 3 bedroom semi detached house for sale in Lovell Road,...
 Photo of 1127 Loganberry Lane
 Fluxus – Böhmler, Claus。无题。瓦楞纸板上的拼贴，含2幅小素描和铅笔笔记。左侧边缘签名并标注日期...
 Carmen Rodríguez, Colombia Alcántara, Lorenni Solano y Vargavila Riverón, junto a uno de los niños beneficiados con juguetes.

========================================================================

Your answer should be the material, retyped exactly as written.

 3 bedroom semi detached house for sale in Lovell Road,...
 Photo of 1127 Loganberry Lane
 Fluxus – Böhmler, Claus。无题。瓦楞纸板上的拼贴，含2幅小素描和铅笔笔记。左侧边缘签名并标注日期...
 Carmen Rodríguez, Colombia Alcántara, Lorenni Solano y Vargavila Riverón, junto a uno de los niños beneficiados con juguetes.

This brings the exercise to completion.